Dear Steven Moffat: Day of the Moon

Dear Steven,

Many thanks for your parcel. It induced mixed emotions; happiness, as the wrapping promised, “answers to last week’s questions enclosed” and frustration, as it seemed impenetrable. Half the week has been employed in an effort to open it. Knives were broken, drill bits worn down, skulls fractured and cars cleaved. I suppose I should have waited for this week’s episode of Doctor Who, Day of the Moon, as I’d then have known it was made from Dwarf Star Alloy, the hardest substance in the universe after Statham cock.

I’m now onto your dual strategy for the series, the long tease and slight of hand, and I approve. You’ll know not everyone is like me, some prefer to skip dinner and other courting clichés and plunder the wetlands, building friction to expedite satisfaction. In the sexual sphere, where my impatience and selfishness have guaranteed that no encounter lasts longer than a Mayfly’s adolescence, I’d agree with them; sex should be short and devastating, like war, not long, multi-faceted and beautiful, like a metre tube of Jaffa Cakes.

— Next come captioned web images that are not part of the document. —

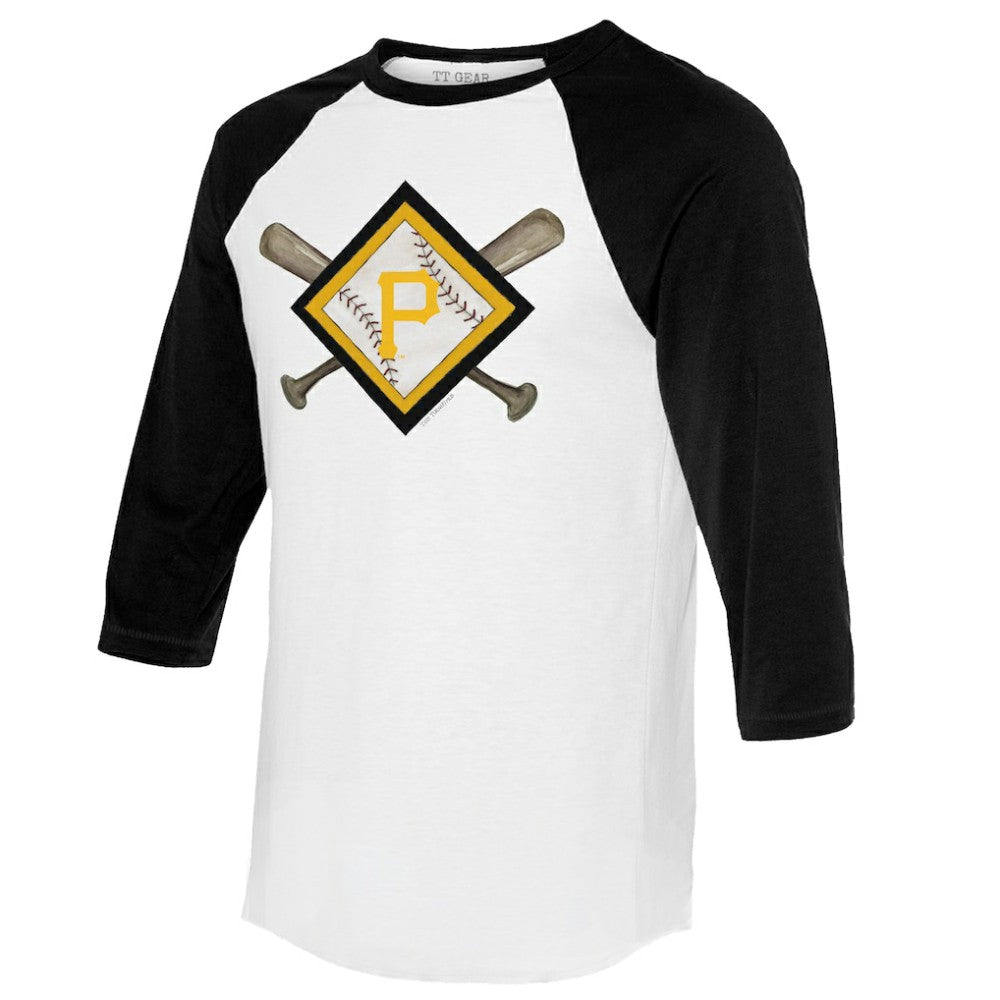 Pittsburgh Pirates Tiny Turnip Women's Diamond Cross Bats 3/4-Sleeve Raglan T-Shirt discount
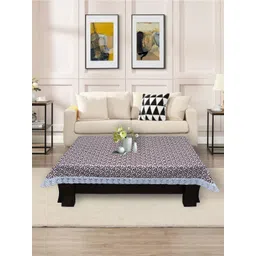 DREAM CARE Grey & White Floral Printed Waterproof 2 Seater Table Cover-image-41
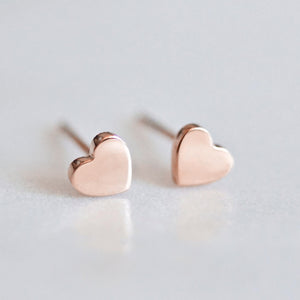 heart stud earrings in gold, silver and rose gold
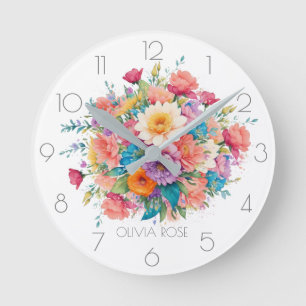 Horloge Ronde Bouquet de fleurs d'aquarelle Pastel personnalisé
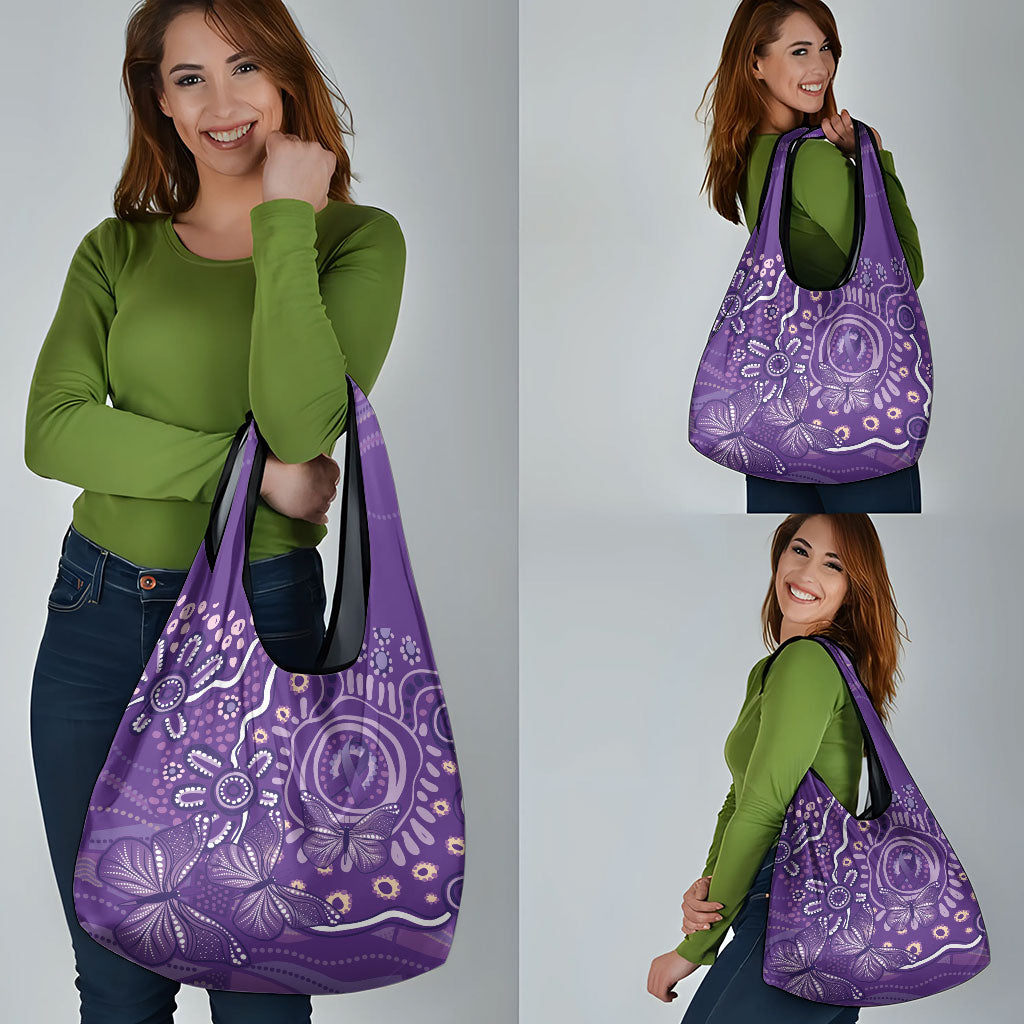 Australia Lupus Day Indigenous Grocery Bag Purple Ribbon Aboriginal Butterflies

In Television however, I want mystery, surprise, mental disturbance and that slow drip drip of information, which gives us all something to talk about between episodes and rewards attentive viewing. Good television should take its time – it can, after all; time is on its side, as opposed to its rival, the film, and if you can’t take your time in a series about time travel then where can you? That’s not a rhetorical question by the way, I’d like to know.

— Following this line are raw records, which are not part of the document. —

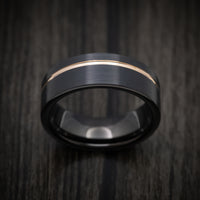 Black Tungsten Men's Ring with Golden Inlay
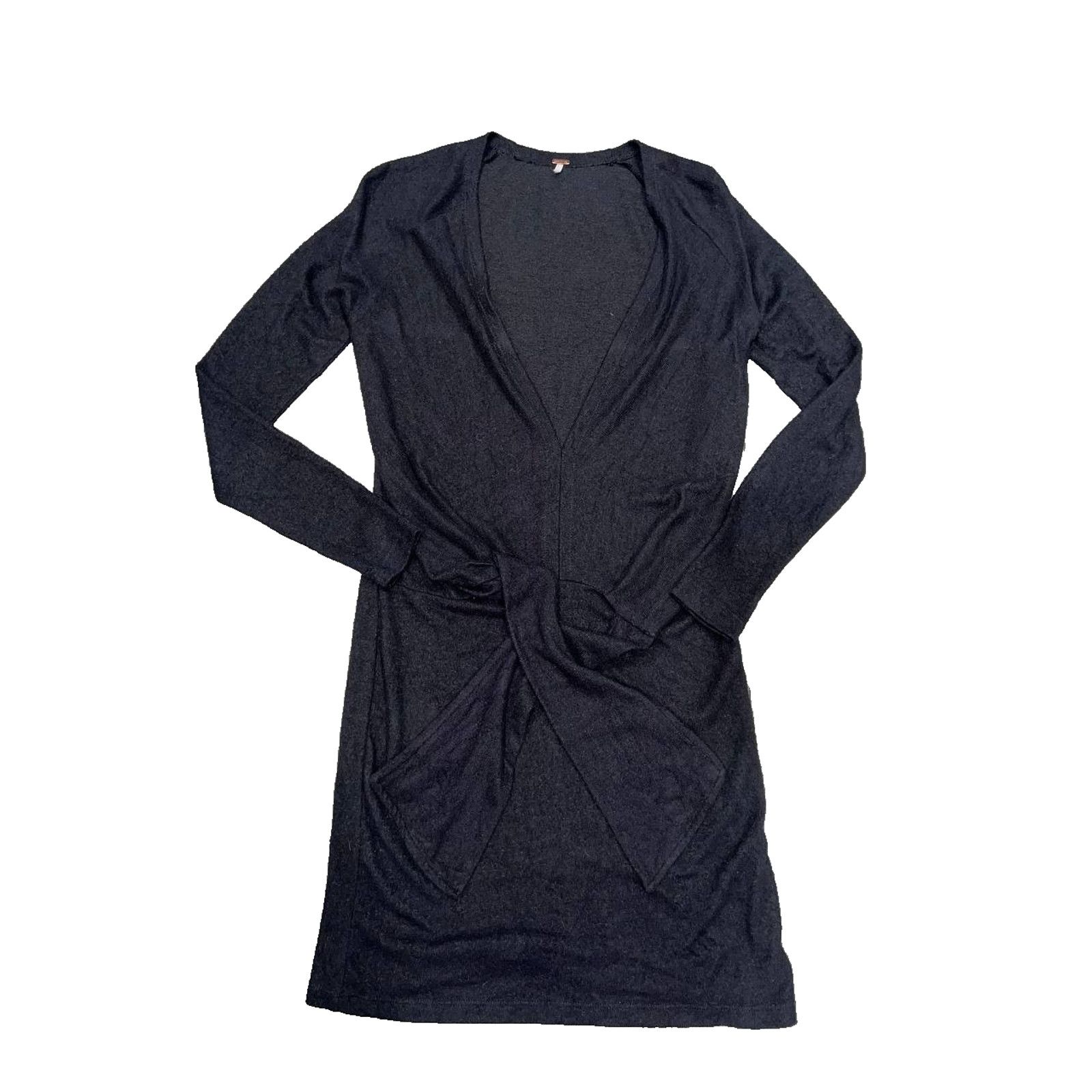 Free People Free People Long V Neck Tie Black Dress Medium A003222 Size M / US 6-8 / IT 42-44 - 3 Thumbnail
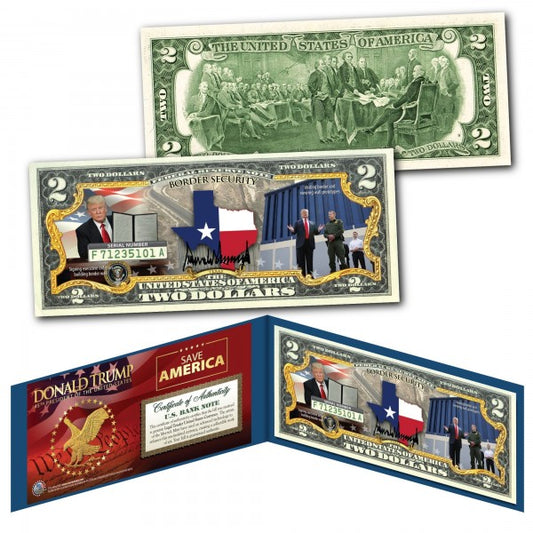 DONALD TRUMP Operation Lone Star TEXAS BORDER WALL Genuine Legal Tender U.S. $2 Bill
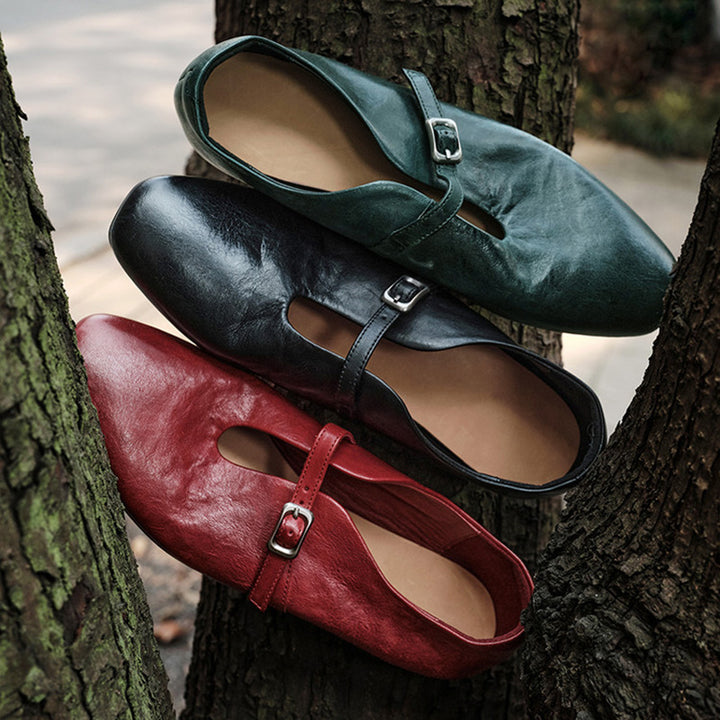 Handmade Vintage Square Toe Horse Leather Mary Jane Flats for Women in Black/Red/Green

Back in the days when you held laudanum parties, I told you, though I doubt you remember, that I thought Doctor Who’s return from hiatus was marked by timidity. Do you remember those parties, Steven? No, of course you don’t. They’d play havoc with guest recall and necessitated we make marks on each other’s bodies to “sign” cuts and secretions so that everyone knew who to avoid the following week (something I was pleased to see reworked in tonight’s episode!). Great days.

The emphasis, perhaps understandably, was on making it broad, with each episode self-contained and easy to understand. There’s nothing inherently wrong with that, it just seems to me, as it evidently does to you, that a show like Doctor Who, with its unique potential to tell stories set anywhere, at anytime and with events unfolding in any order, could and should push itself, both in terms of its ideas and scope.

I don’t think Russell T was interested in the sort of viewers that tune in for long seasons of American sci-fi shows, expecting the writers to use the length of those series to tell epic tales (peppered with self-contained stories, obviously), rather he wanted to snare younger children and use humour to make it less of a chore for their parents.

I’m glad you’ve realised that both the kids and their degenerate forebears want to be wooed and nourished, and crucially this can be accomplished using the same tools. After all Steven, most of us stop growing up sometime in our mid-teens and remain hooked on the same fantastical shaft stroke material forever, you’ve only got to look at conventions to see that. The adults and kids are the same people.

I did enjoy tonight’s episode, I neglected to say it up front because I thought you’d appreciate partial disclosure, but I did have a few qualms, well, one really; must the Doctor resort to macho posturing and being smug during these climatic confrontations? I mean, perhaps I would be, but a little humility and maybe less grandstanding would be a tonic. I know what you’ll say, at least I think I do, maybe something like ‘I try to undercut it by having the companions pull him up on it as proxies for the audience’, but do they really? When Amy says things like ‘you have no idea what’s coming’, I think, oh Amy, how I’d like to sex you to death, but then I think, ‘must she do it?’ I mean, the Doctor’s ego is big enough – when he watches it back he’s only going to get a kick out of lines like that.

As we’re talking about characters, I’d like to compliment you on the lovely moments between them in this instalment. I found the final scene with River very touching, not to mention comforting, in as much as it seems that she too has lost track of where she is on the Doctor’s timeline. I have to confess, I’m lost – any help? A nice scene between the Doctor and Rory too; it added a bit of shading to his wet tosspot exterior and made me feel guilty for cheering twice during the prologue, namely when I thought he’d been shot and seconds later, when I thought he’d been suffocated.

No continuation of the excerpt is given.